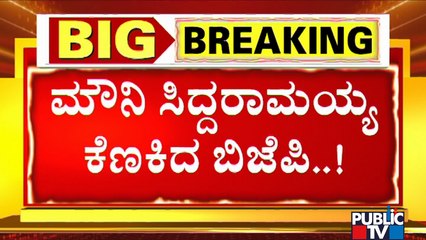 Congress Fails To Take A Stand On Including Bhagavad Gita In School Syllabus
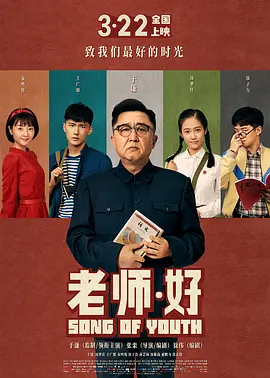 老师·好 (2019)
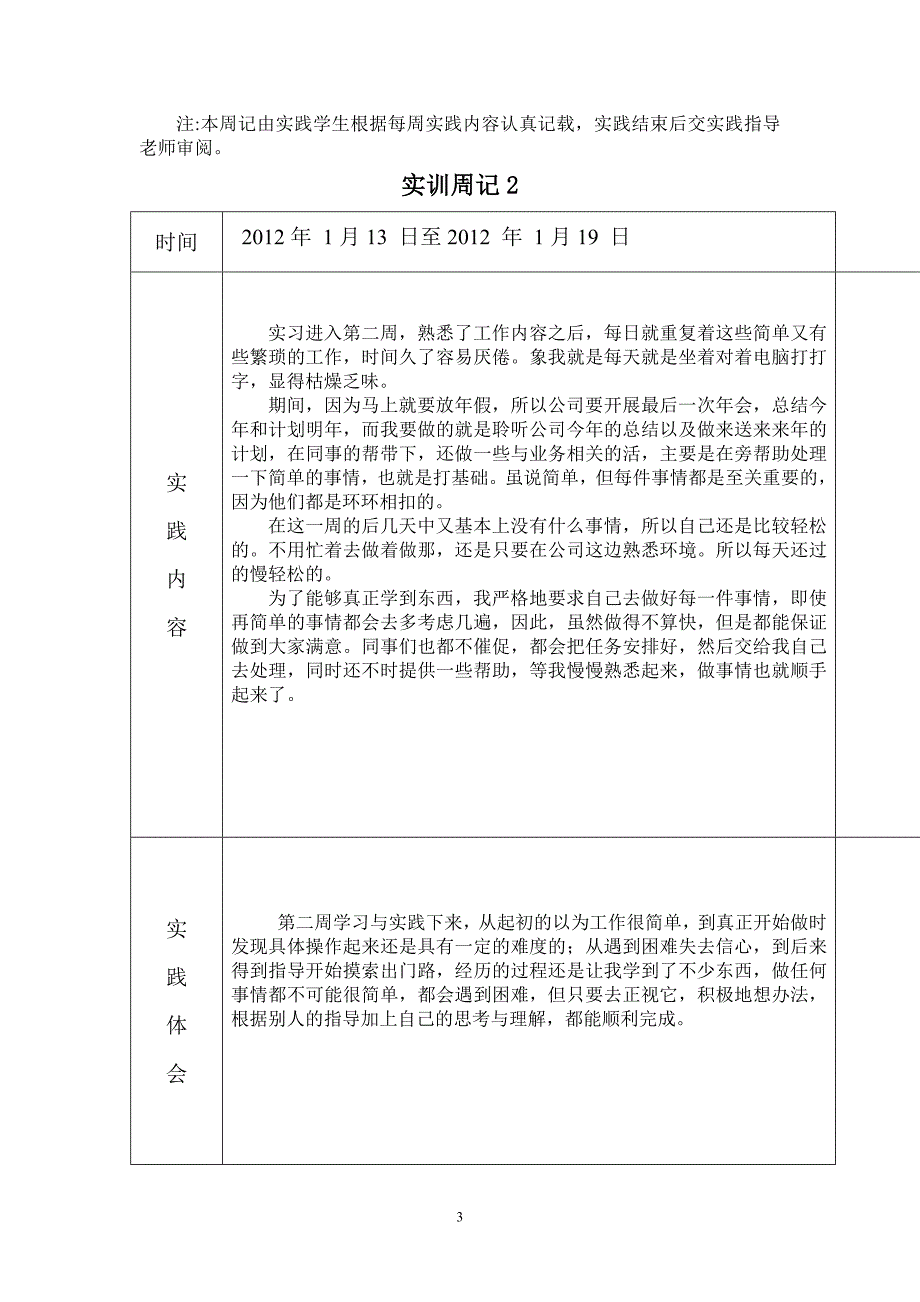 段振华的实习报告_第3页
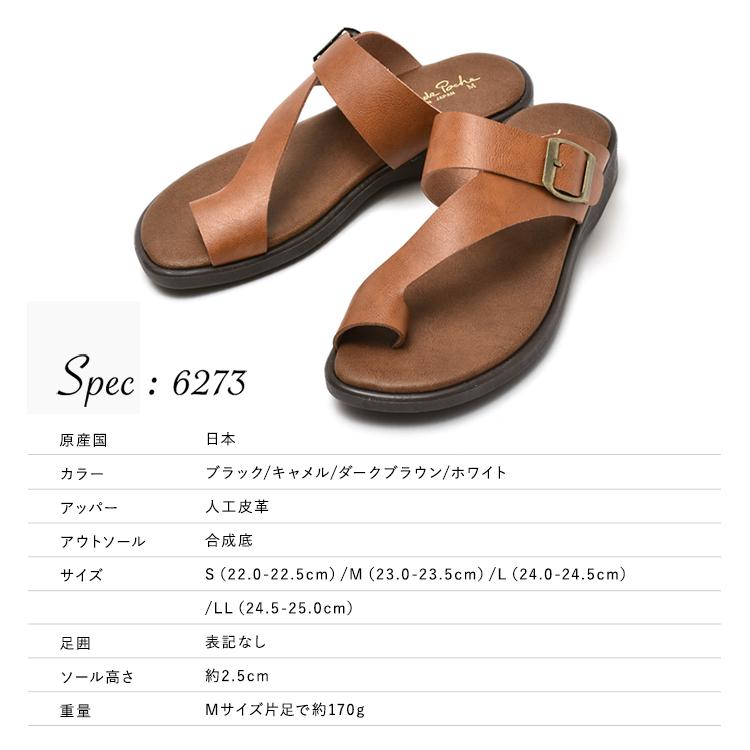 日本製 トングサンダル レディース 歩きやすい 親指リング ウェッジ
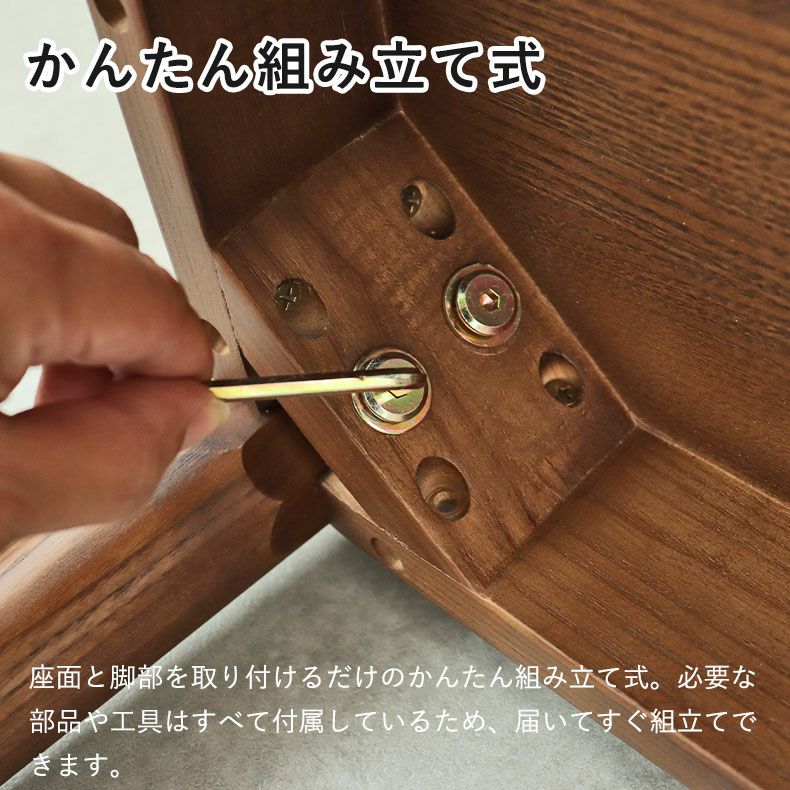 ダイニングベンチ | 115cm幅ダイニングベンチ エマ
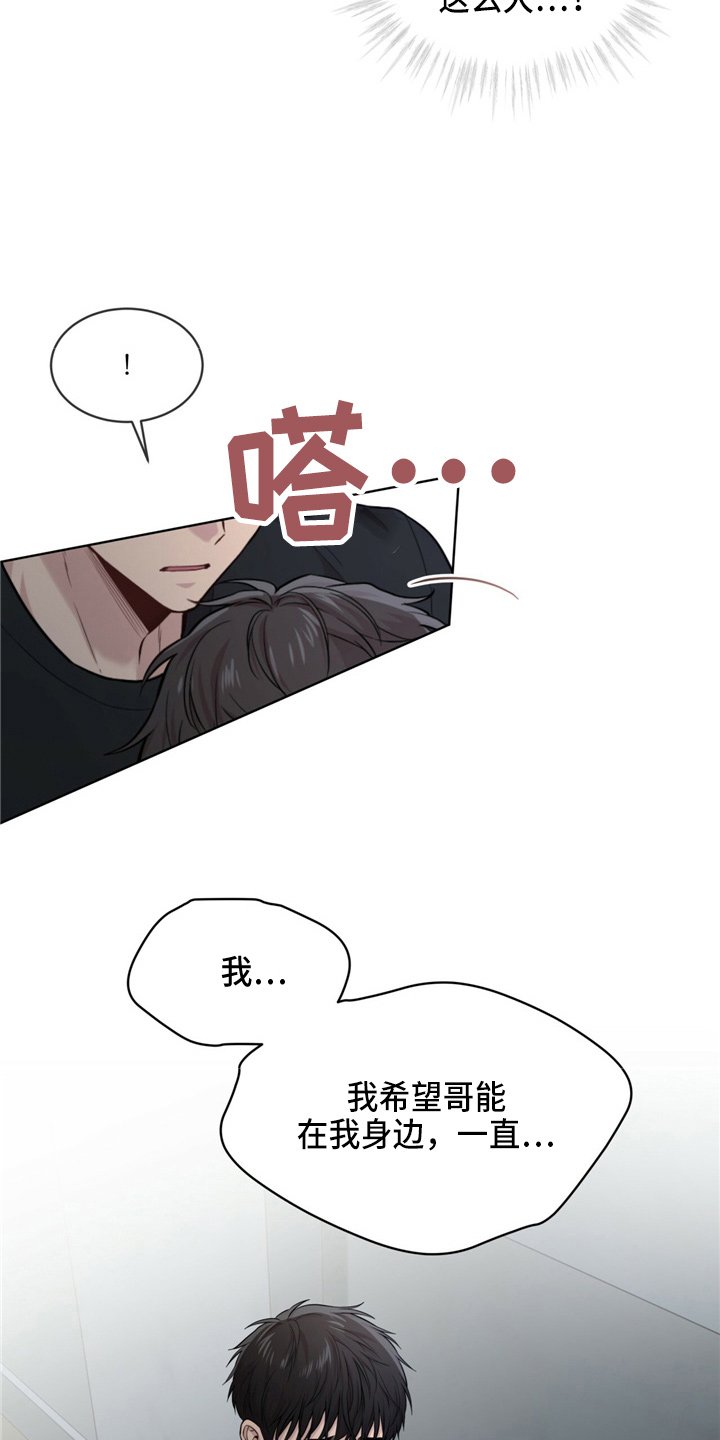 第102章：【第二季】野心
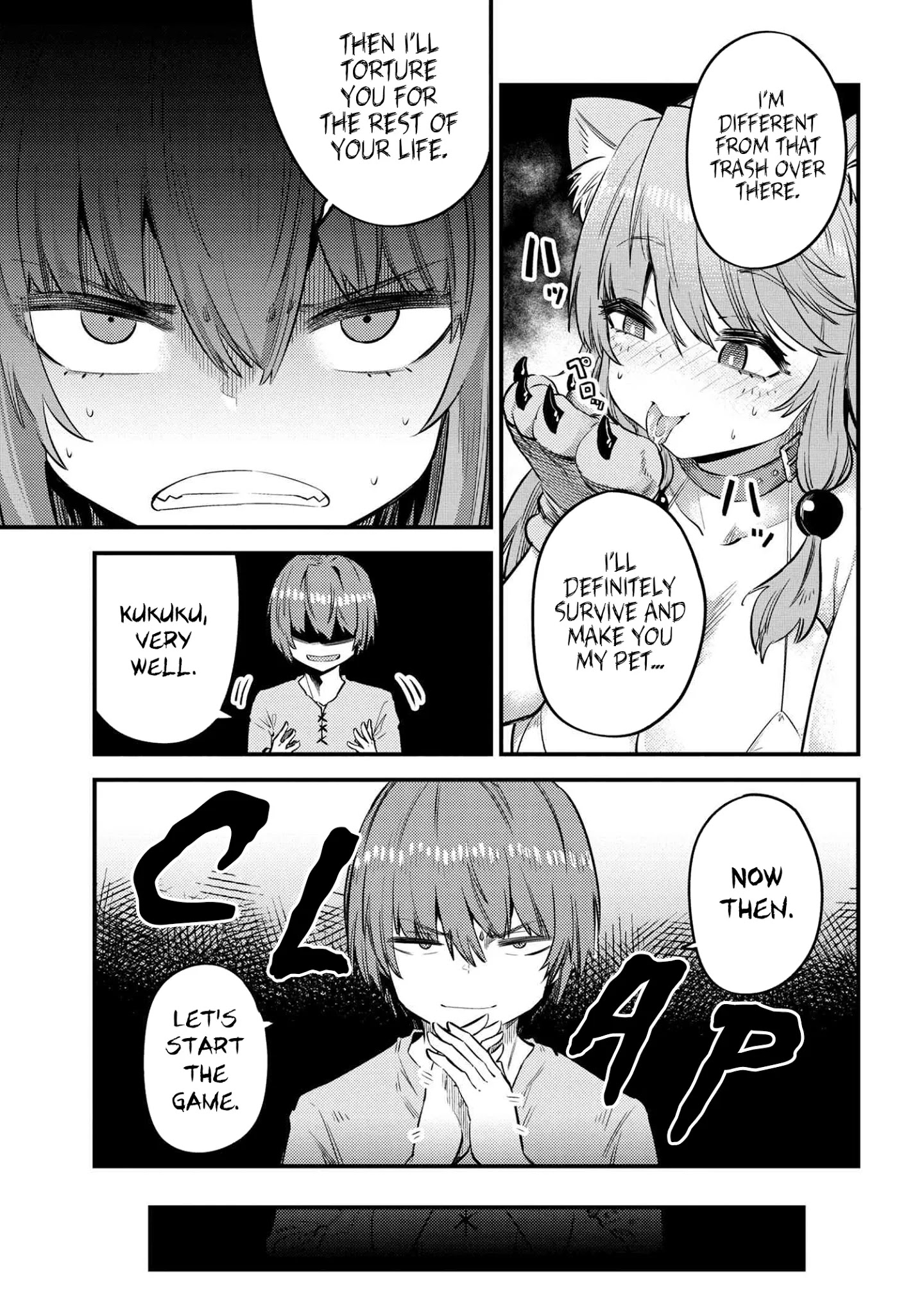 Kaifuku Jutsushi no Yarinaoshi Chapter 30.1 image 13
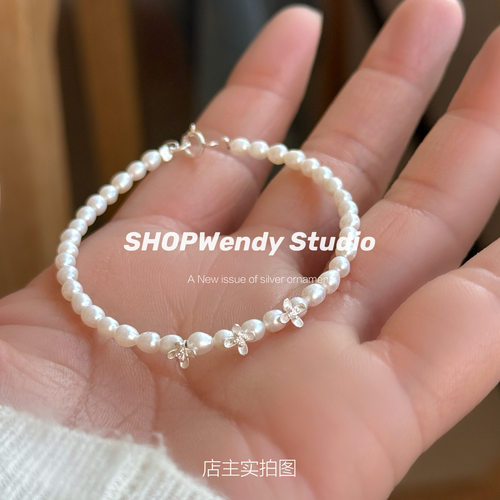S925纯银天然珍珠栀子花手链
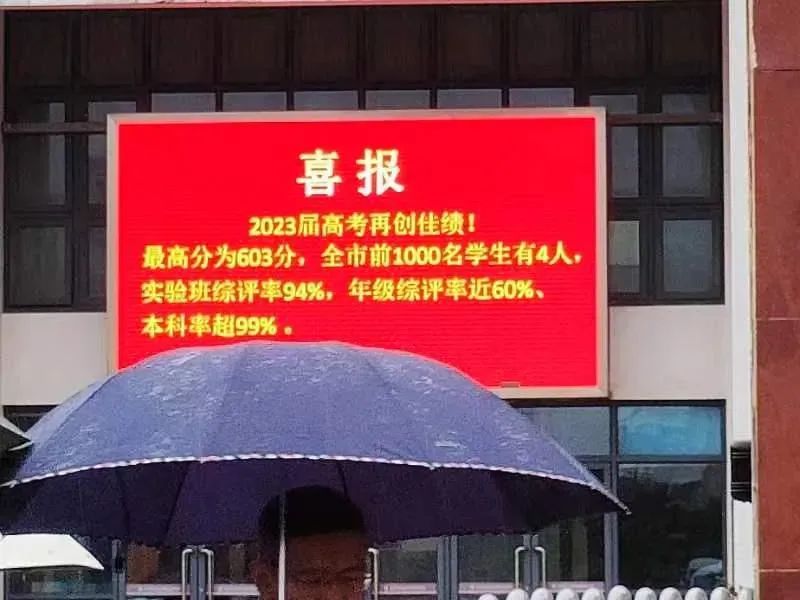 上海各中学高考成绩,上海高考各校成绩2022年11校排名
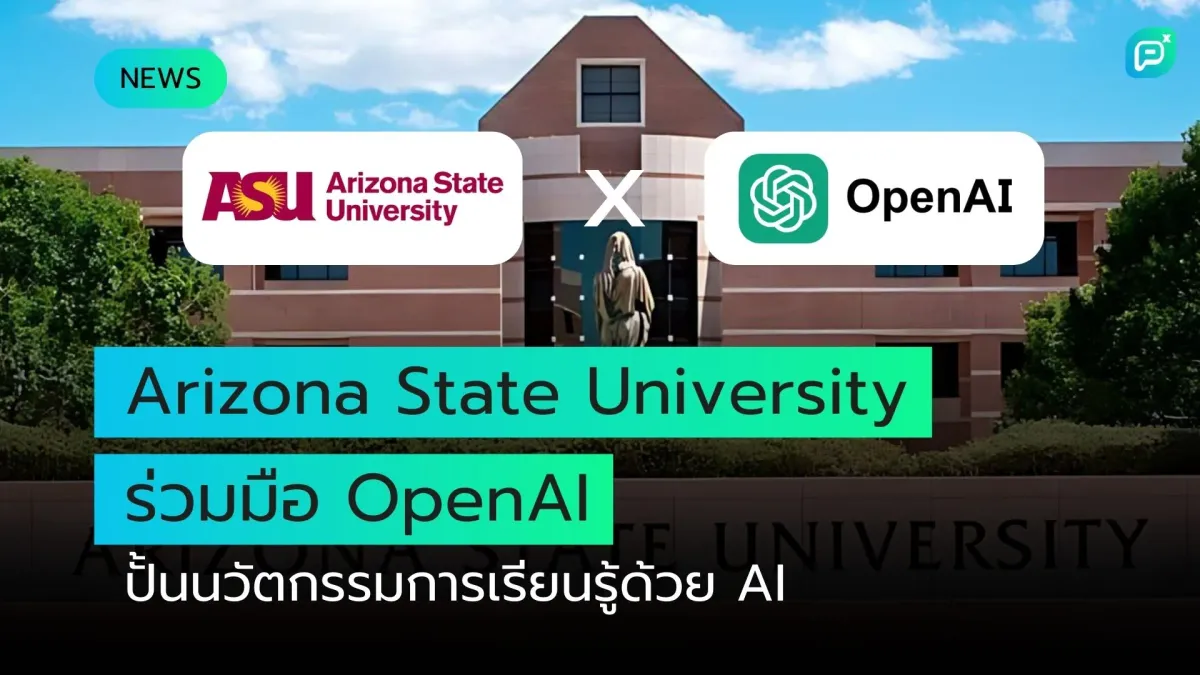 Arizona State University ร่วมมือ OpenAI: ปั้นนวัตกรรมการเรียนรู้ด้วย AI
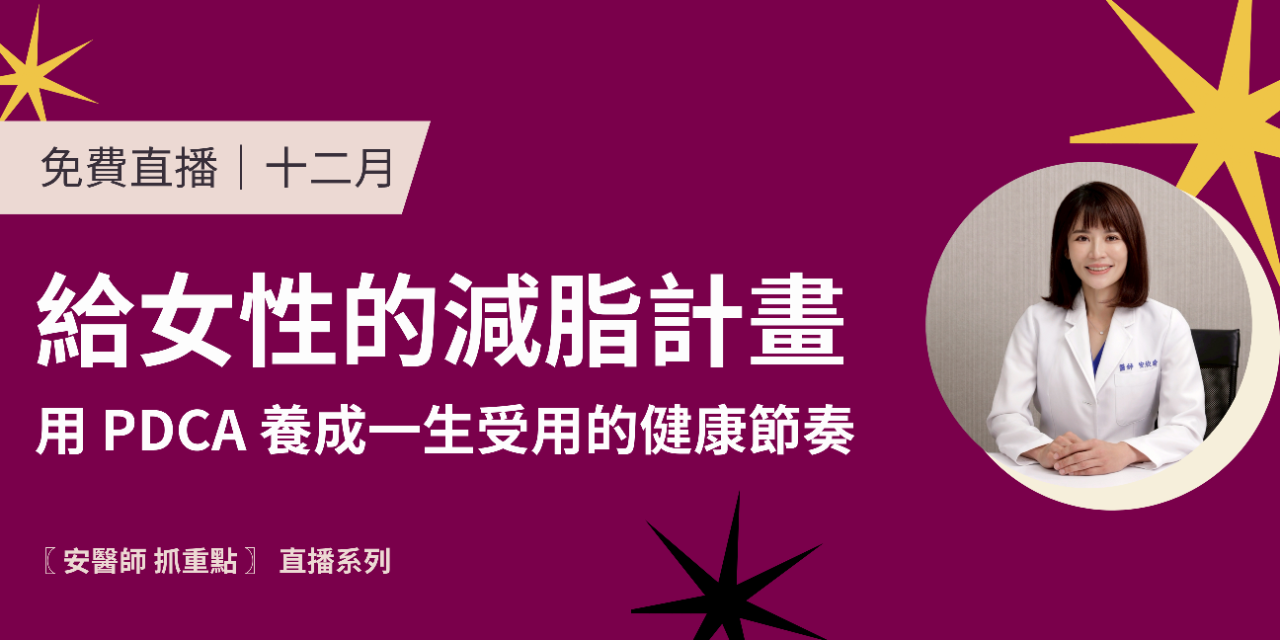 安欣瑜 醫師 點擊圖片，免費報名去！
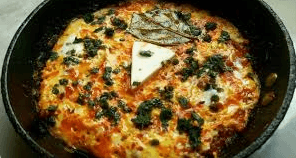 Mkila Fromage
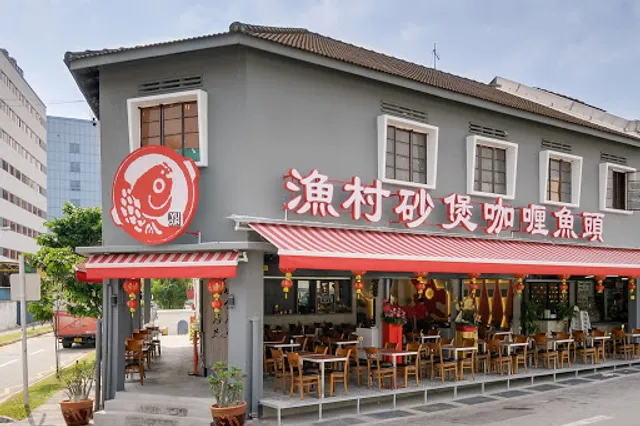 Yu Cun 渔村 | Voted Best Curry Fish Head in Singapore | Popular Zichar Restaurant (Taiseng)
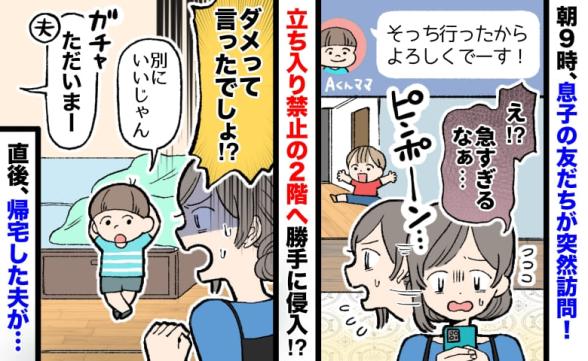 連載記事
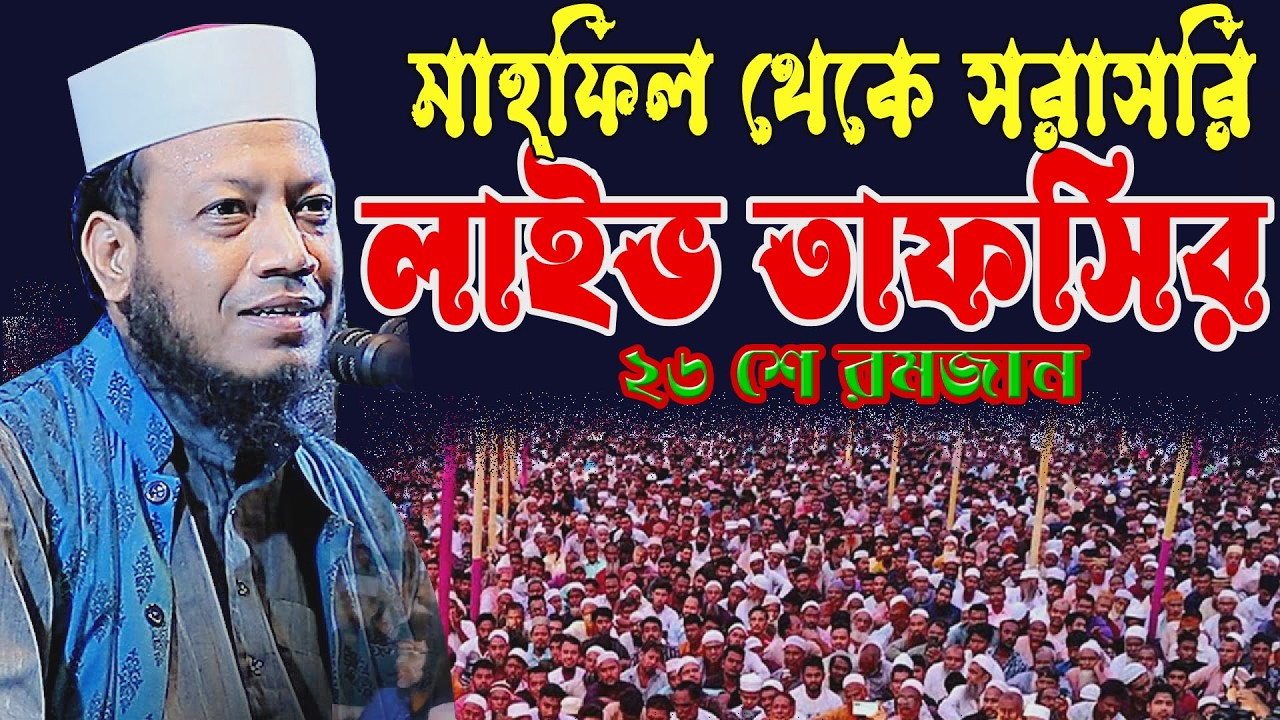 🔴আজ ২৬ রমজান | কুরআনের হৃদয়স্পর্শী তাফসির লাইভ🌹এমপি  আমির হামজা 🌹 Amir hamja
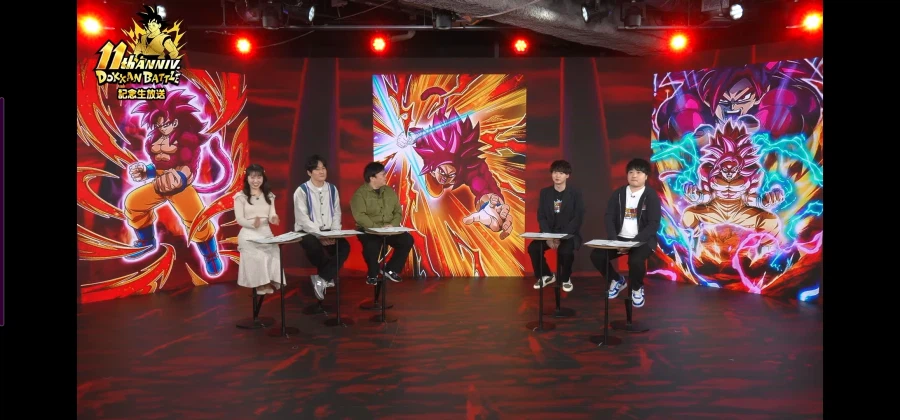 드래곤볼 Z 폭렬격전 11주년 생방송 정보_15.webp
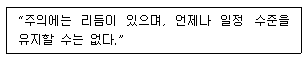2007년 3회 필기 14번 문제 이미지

·····

Work order. Retype every entry word for word, but do not carry over the pictures.

Your solution.
 Congress Fails To Take A Stand On Including Bhagavad Gita In School Syllabus
 老师·好 (2019)
 段振华的实习报告_第3页
 日本製 トングサンダル レディース 歩きやすい 親指リング ウェッジ
 ダイニングベンチ | 115cm幅ダイニングベンチ エマ
 第102章：【第二季】野心
 Kaifuku Jutsushi no Yarinaoshi Chapter 30.1 image 13
S925纯银天然珍珠栀子花手链
 上海各中学高考成绩,上海高考各校成绩2022年11校排名
 Arizona State University ร่วมมือ OpenAI: ปั้นนวัตกรรมการเรียนรู้ด้วย AI
 安欣瑜 醫師 點擊圖片，免費報名去！
 Mkila Fromage
 Yu Cun 渔村 | Voted Best Curry Fish Head in Singapore | Popular Zichar Restaurant (Taiseng)
 連載記事
 🔴আজ ২৬ রমজান | কুরআনের হৃদয়স্পর্শী তাফসির লাইভ🌹এমপি  আমির হামজা 🌹 Amir hamja
 드래곤볼 Z 폭렬격전 11주년 생방송 정보_15.webp
2007년 3회 필기 14번 문제 이미지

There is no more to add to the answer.